(Data provided):
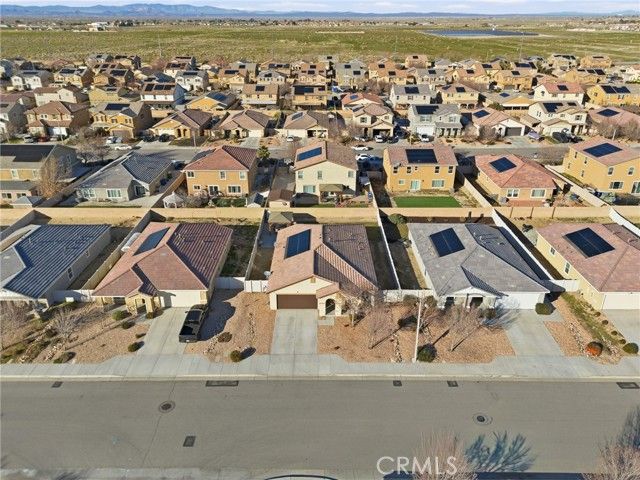 3567 Garnet, Lancaster, CA 93535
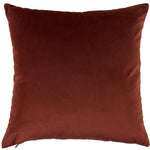 Homestead Rust Cushion - Homestead Rust Cushion 45CM Sterling Home 2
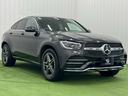 MERCEDES BENZ GLC-CLASS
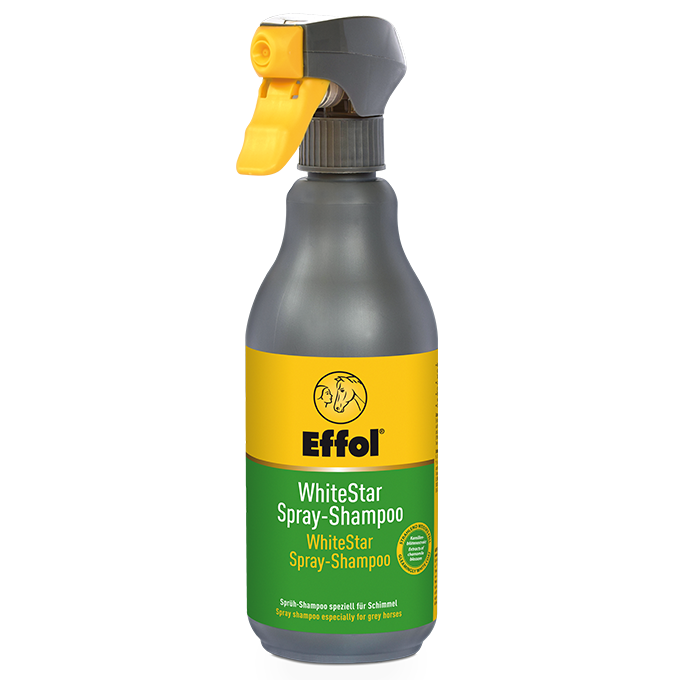 Effol White-Star Spray Shampoo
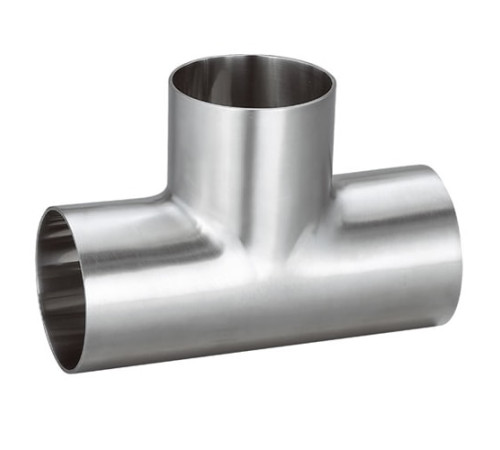 Нержавеющие тройники для трубопроводов в Бобруйске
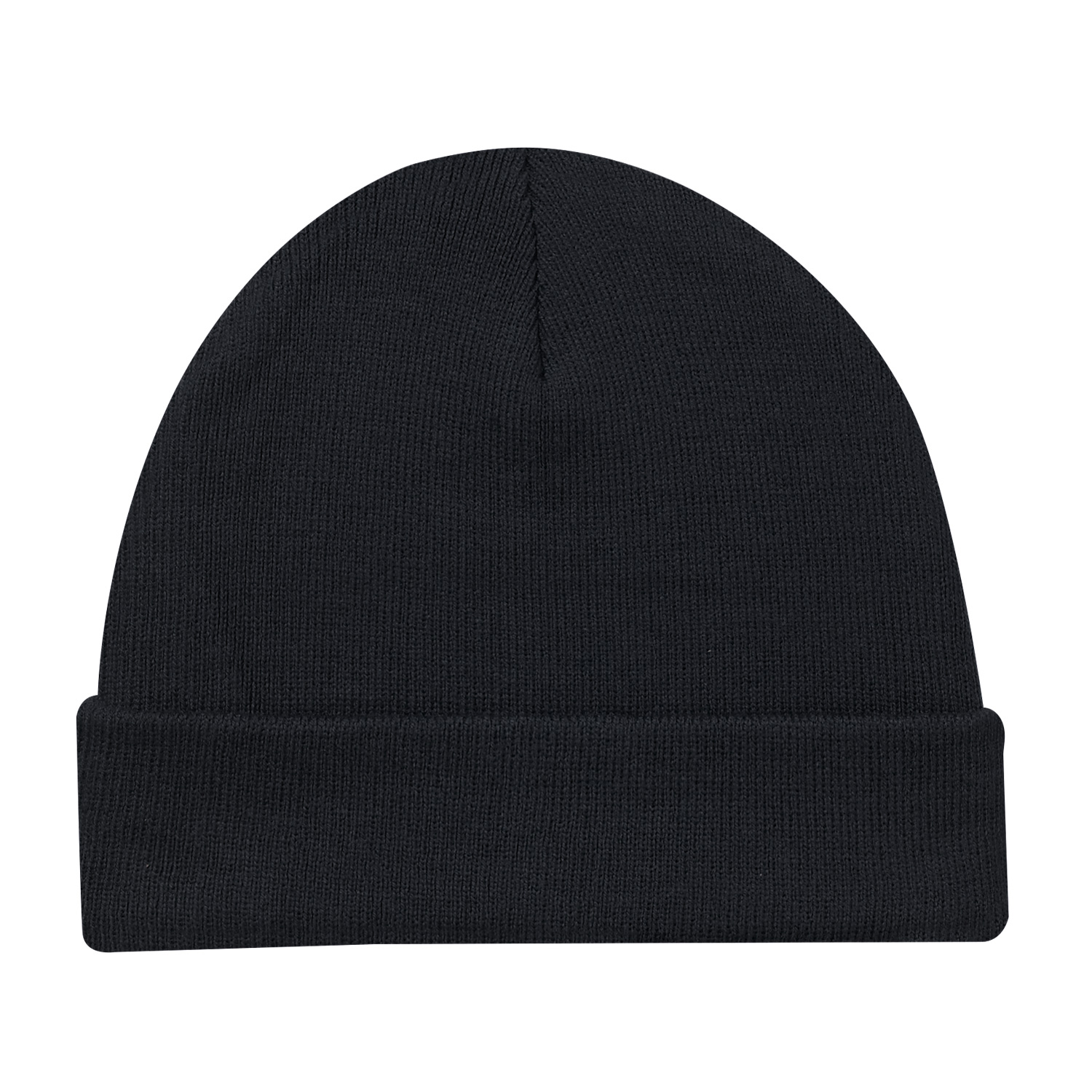 Cuff Toque (Junior) — Rib knit — AJM 5Z530J - Image 5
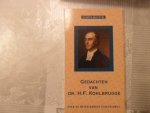 Kohlbrugge H.F. - Gedachten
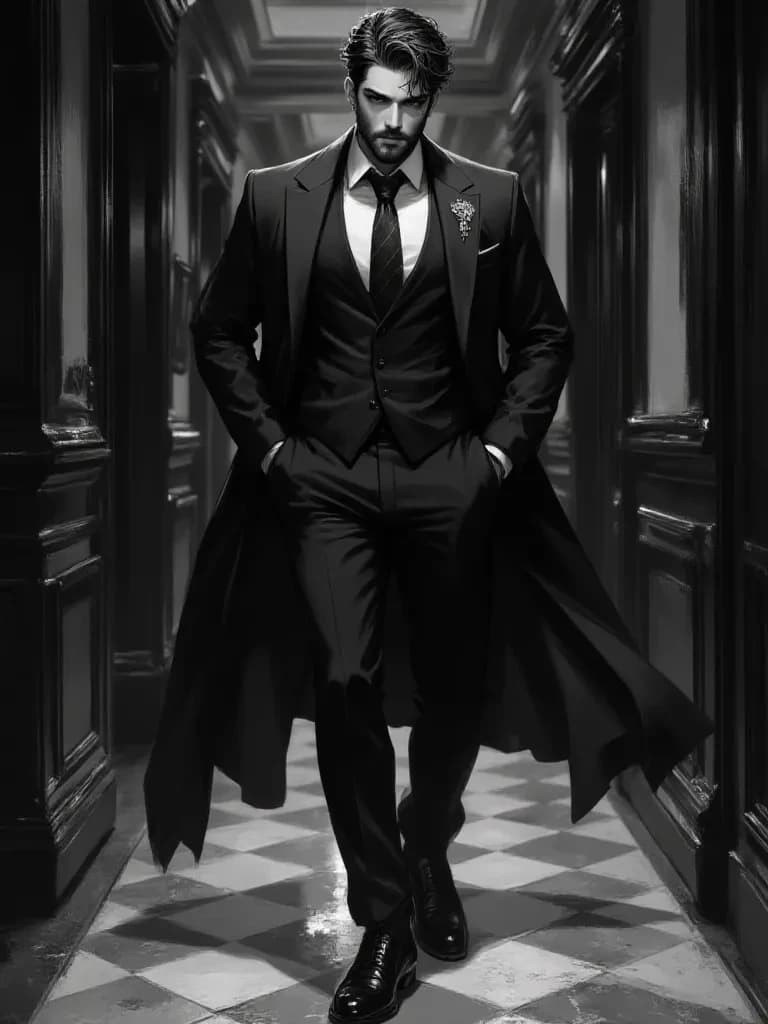 Elias Thorne thumbnail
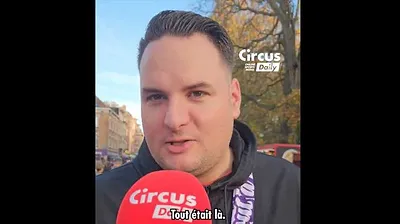 Les supporters d'Anderlecht rêve grand après la victoire contre Bruges !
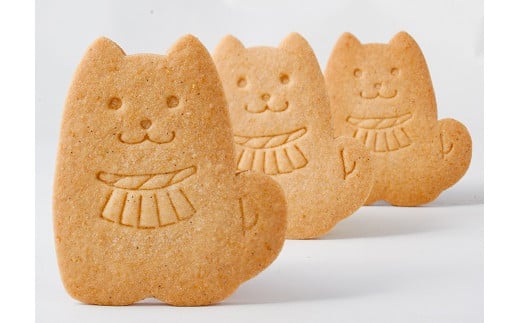 737 おかげ犬サブレ 伊勢市 伊勢志摩 焼き菓子  お菓子 スイーツ サブレ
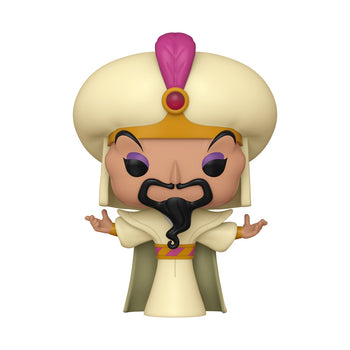 Jafar #1519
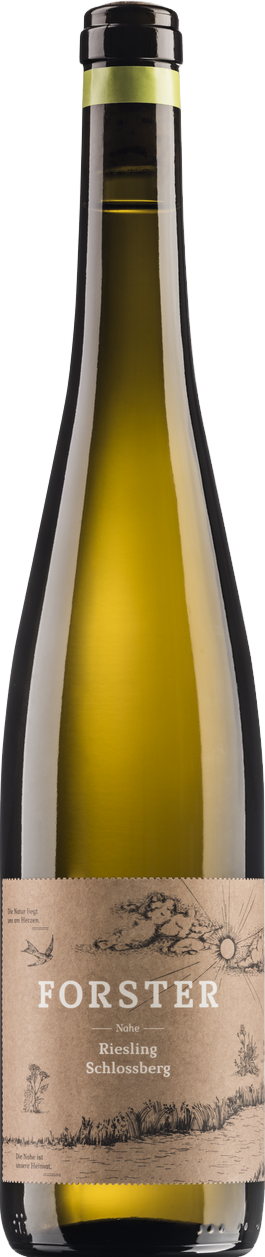 Burg Layer Schlossberg Riesling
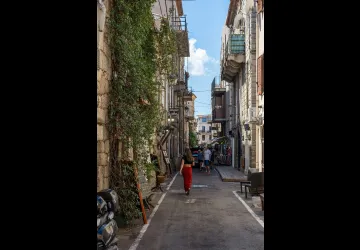  © Unsplash - Christian Thoni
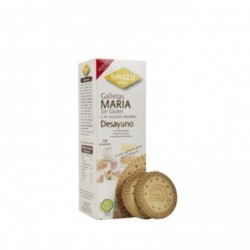 Biscuits pour petit-déjeuner sans sucre Singlu Maria 200 g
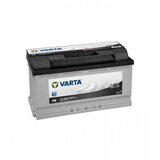 Varta Akumulator 12V-90Ah D + BLACK dynamic | Eponuda.ba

(What is being asked): Return the material in full and unaltered, minus its pictures.

(The answer):
 3567 Garnet, Lancaster, CA 93535
 Homestead Rust Cushion - Homestead Rust Cushion 45CM Sterling Home 2
 MERCEDES BENZ GLC-CLASS
 Effol White-Star Spray Shampoo
 Нержавеющие тройники для трубопроводов в Бобруйске
 Cuff Toque (Junior) — Rib knit — AJM 5Z530J - Image 5
 Kohlbrugge H.F. - Gedachten
 Elias Thorne thumbnail
 Les supporters d'Anderlecht rêve grand après la victoire contre Bruges !
 737 おかげ犬サブレ 伊勢市 伊勢志摩 焼き菓子  お菓子 スイーツ サブレ
 Jafar #1519
 Burg Layer Schlossberg Riesling
  © Unsplash - Christian Thoni
 Biscuits pour petit-déjeuner sans sucre Singlu Maria 200 g
 Varta Akumulator 12V-90Ah D + BLACK dynamic | Eponuda.ba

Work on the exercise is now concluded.